Work required - Transcribe the full listing without changing a word, and omit its pictures.

=== Begin Enclosure ===

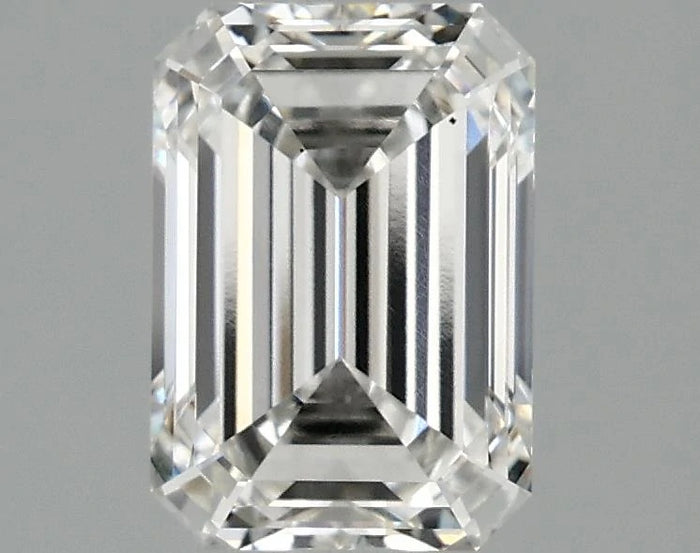 2.06 Carat · EMERALD · F · VS2 · IGI · Excellent Cut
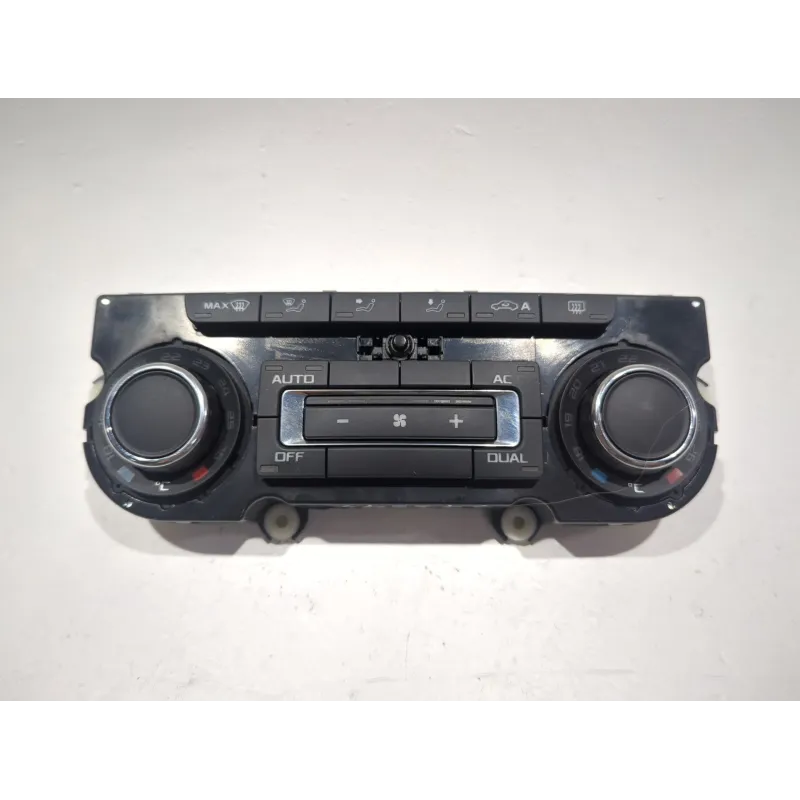 Recambio de mandos climatizador para skoda yeti (5l) 2.0 tdi 4x4 referencia OEM IAM 3T0907044BK  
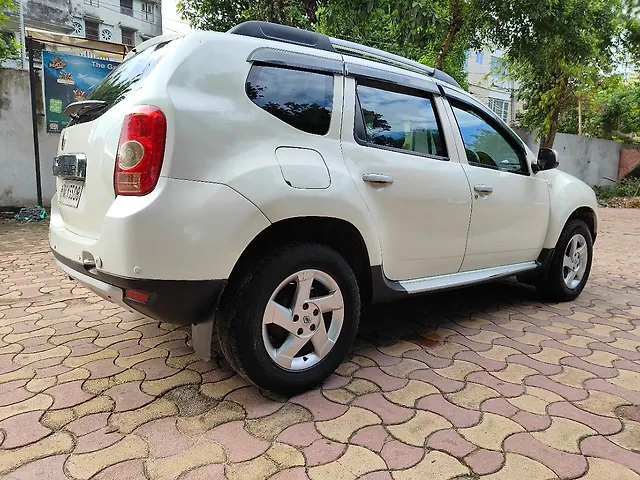 Used Renault Duster [2012-2015] 85 PS RxL Diesel Plus in Kanpur
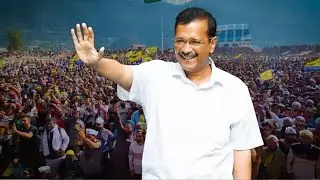 Arvind Kejriwal : Live From Doda's Sports stadium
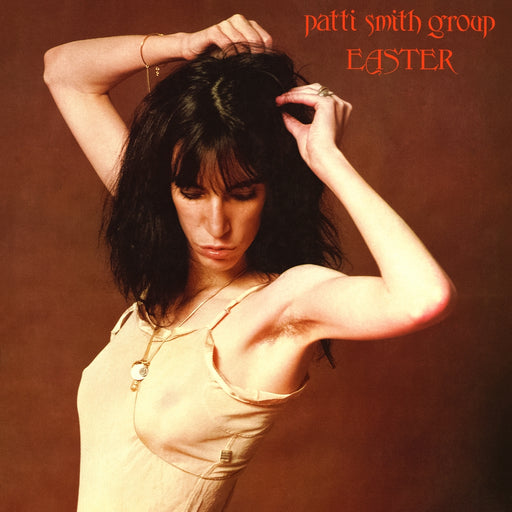 Patti Smith Group – Easter LP vinyl record, image 1 of 3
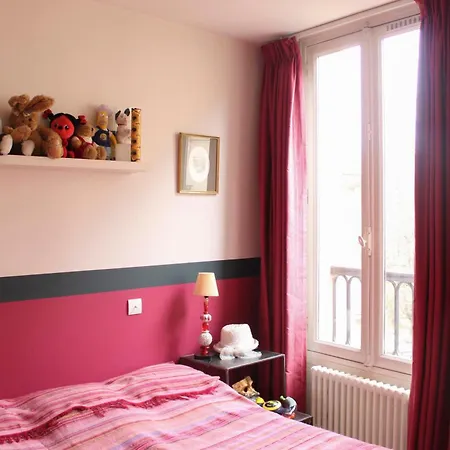 Nice Duplex Near Montparnasse Appartamento *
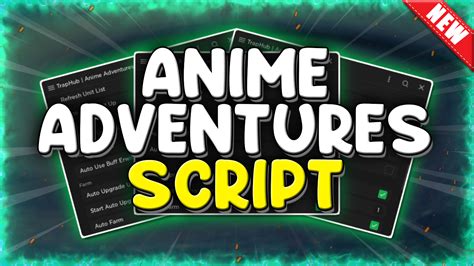 A scriptfor anime fighting simulator that has a top of features including an. . Anime adventures script v3rmillion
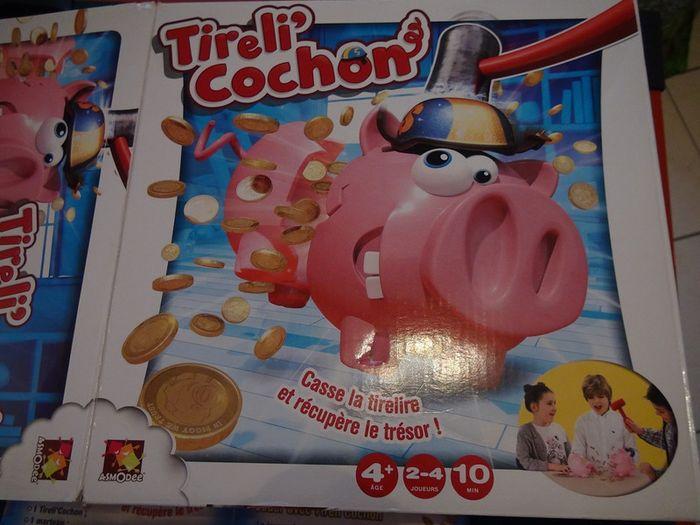 Jeu Tireli'cochon - photo numéro 1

=== End Enclosure ===

Expected output -
 2.06 Carat · EMERALD · F · VS2 · IGI · Excellent Cut
 Recambio de mandos climatizador para skoda yeti (5l) 2.0 tdi 4x4 referencia OEM IAM 3T0907044BK  
 Used Renault Duster [2012-2015] 85 PS RxL Diesel Plus in Kanpur
 Arvind Kejriwal : Live From Doda's Sports stadium
 Patti Smith Group – Easter LP vinyl record, image 1 of 3
 Nice Duplex Near Montparnasse Appartamento *
 A scriptfor anime fighting simulator that has a top of features including an. . Anime adventures script v3rmillion
 Jeu Tireli'cochon - photo numéro 1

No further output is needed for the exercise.